For any book I read, I try hard to find some kind of personal connection to the story. So, okay, this is a book about mining. Connection one: When I was in grade seven, I took some kind of aptitude test and the guidance counsellor told me that I should one day become a miner. This had something to do with the fact I collected rocks. (Thank God, I didn’t go that route.) Connection two: The baddest of the bad guys in Linden’s book of woe, Walter Siebert, is from New Jersey. And so am I, but I hope no one will hold that against me. Connection three: The book begins with the story of the 1929 Atlantic tsunami, and I love anything to do with waves—even big destructive ones.
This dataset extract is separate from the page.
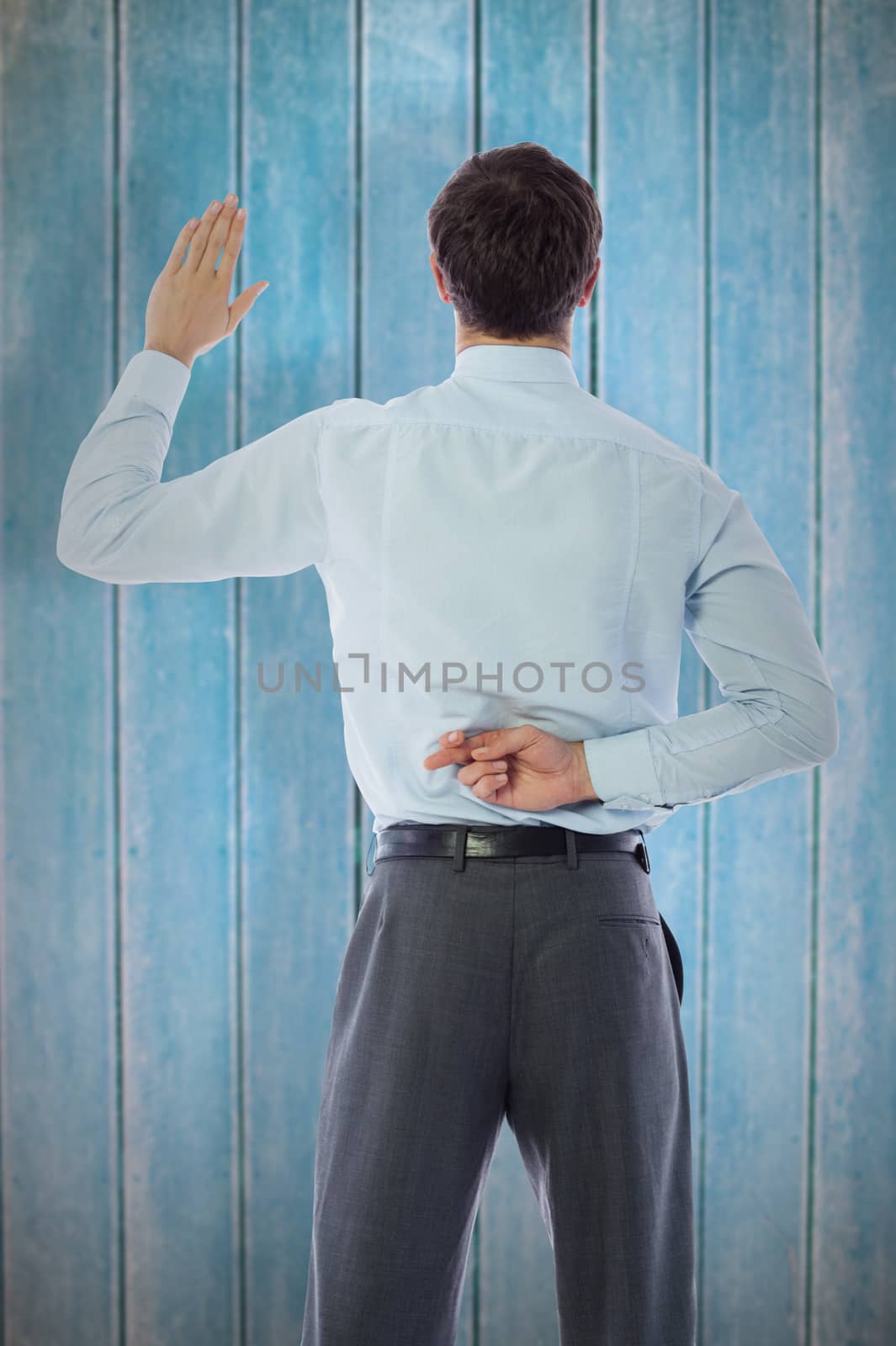 Composite image of businessman crossing fingers behind his back by Wavebreakmedia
Surely, the way to read any book is to allow the author to put the reader in the middle of the action. So there I was, watching the townsfolk being swept out to sea in a Newfoundland outport on November 18, 1929, finding myself grieving for my family and friends lost in that tragedy. What followed was loss of a livelihood—the fish just disappeared after the disaster. Before long, the promise of full-time work was offered and I was, as my guidance counsellor suggested, down in the mines trying to make a scant income to keep my family alive.
Fluorspar mining was rotten work. And no one was around to protect the miners or insure their health. The work was dirty and physically devastating, and it eventually killed you and your colleagues. The man from New Jersey, the entrepreneur Siebert, was to blame and so was the weak Newfoundland government of the time.
Linden MacIntyre takes it all personally—partly because of his father’s connection to the place. Yet he also does his darndest to explain exactly how it all happened and how all the pieces fit together. Most of us know little about the history of the Burin Peninsula but now, this dark chapter is out there by one of Canada’s finest investigative reporters.